Santa Clarita resident Robert Arkow is suing two unions, including one he belongs to, over robocalls to his cellphone.
Santa Clarita resident Robert Arkow is suing two unions, including one he belongs to, over robocalls to his cellphone. (Hans Gutknecht/Staff Photographer)

After enduring a barrage of robocalls during election season, a Santa Clarita man declared, "I'm sick of this crap," and is suing labor unions - including his own - for calling his cellphone.

"This is a wholesale scourge of our privacy," said Robert Arkow, 62, a veteran communications electrician for the city of Los Angeles.

"I want it to stop, and the only way you can beat them up is to hit their pocketbook," he added. "Make them pay."

Federal law has prohibited robocalls to cellphones for two decades, but Arkow has seen plenty of violations over the years. In fact, he has become a crusader of sorts against robocalls and telemarketers.

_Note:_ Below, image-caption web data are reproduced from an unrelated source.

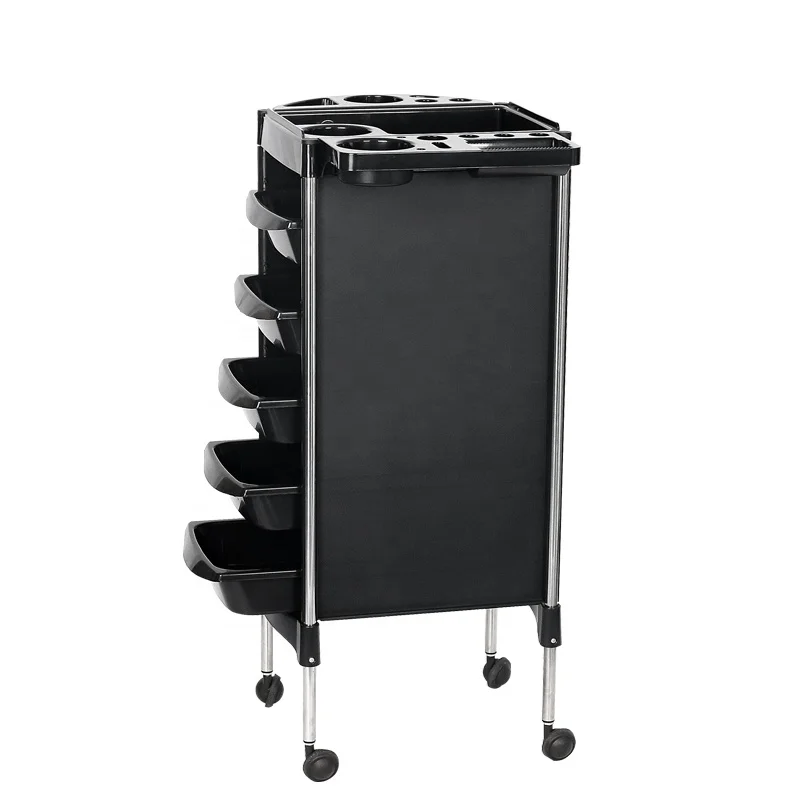 Modern style wholesale luxury high quality barber shop professional salon furniture with storage beauty salon trolleys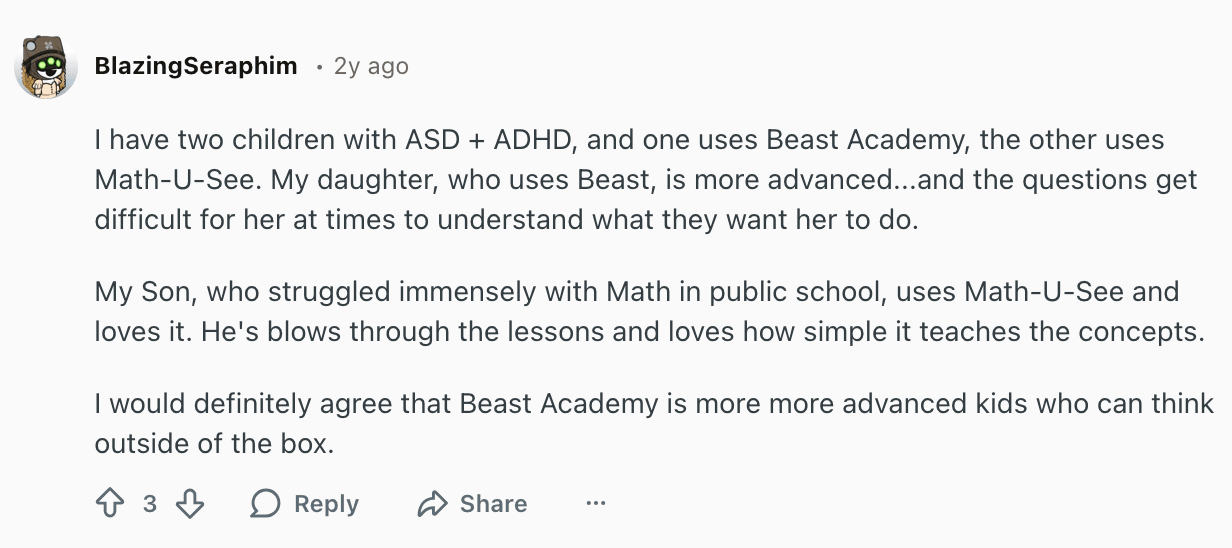 Beast Academy math curriculum review: Unique, but not for everyone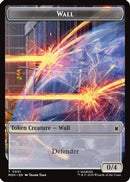 Wall // Alien Double-Sided Token (MSH-001/011)  Foil - Marvel Super Heroes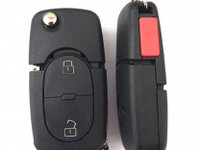 Carcasa cheie briceag pentru VW 2+1 buton de panica cvw040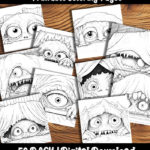 bed monsters coloring pages by happy colorist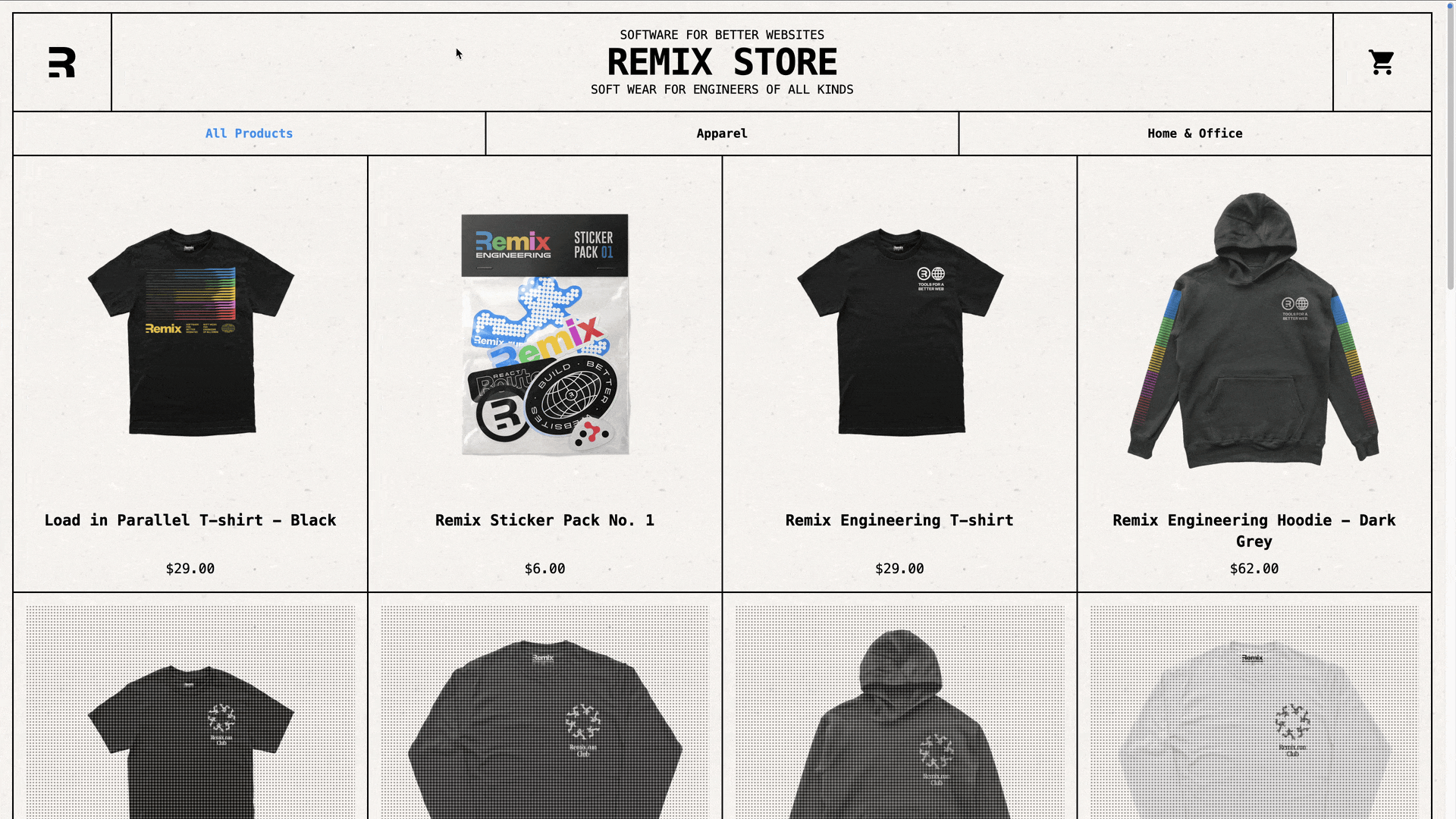 Remix Store built on React Server Components example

Over the past decade, he has sued close to 50 companies for violating the Telephone Consumer Protection Act and received about $20,000 in awards and out-of-court settlements.

He says he doesn't sue them for the money but to make a point.

"I don't do this for a living," he said. "But I honestly believe people could actually make a living doing this."

His activism against telemarketers also helped contribute to the creation of the national Do Not Call list in 2001.

His latest targets are the California Labor Federation and the International Brotherhood of Electrical Workers Local 45 (to which he belongs). He is demanding $4,500 in damages plus legal fees in small claims court for calling his cellphone to pitch Proposition 30, the state tax measure on the Nov.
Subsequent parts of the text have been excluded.